品貸料のつり上げによって投資家のコスト負担が増していたが、証券監視委は、日証金の要請に応じていた証券会社の関与も「問題ある」と指摘した。
証券監視委は6月20日から検査に着手し、11月27日付で、金融庁に処分を勧告した。証券監視委によると、日証金は、証券会社など貸し株の提供者に対して料率や株数の条件変更などを要請し、品貸料を人為的に引き上げる行為を行っていた。

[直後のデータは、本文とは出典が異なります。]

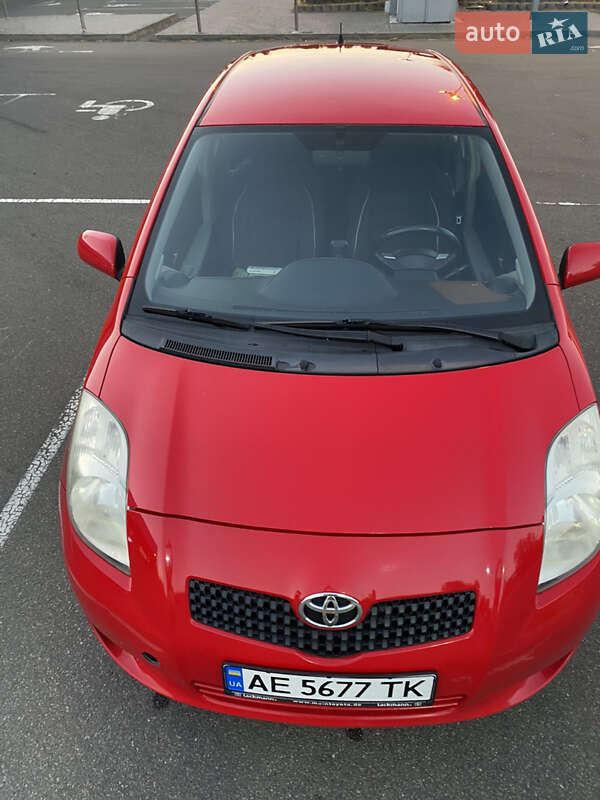 Хетчбек Toyota Yaris 2008 в Києві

品貸料の不正なつり上げは遅くとも1998年6月ごろから行われていた。
品貸料の人為的なつり上げで、投資家のコスト負担は増すが、日証金への利益には直接つながらない。証券会社など貸し株の出し手の利益になるが、貸し株の調達漏れ(フェイル)を防ぐため、日常的に行われていたという。また、証券監視委は、日証金からの条件変更の要請に応じることで、品貸料のつり上げに関与していた証券会社がいくつかあったことも認めた。
金融庁は、歴代の貸し株の調達担当者が、株券を調達できない事態を避けるため、「品貸料の調整もやむを得ないと考える習慣があった」と指摘。さらに、管理・監督部門も機能していなかったと認めたため、業務改善命令を出した。日証金には、法令順守体制の検証、責任所在の明確化、再発防止策の策定などの対応状況を来年2月13日までに提出するよう求める。
品貸料のつり上げに関与していた証券会社について金融庁は、法令違反が認められなかったと指摘したうえで「漫然と日証金の要請に応じていたが、悪質性は限定的だった」として処分を見送った。証券監視委は「公益と投資家保護で問題がある」と指摘した。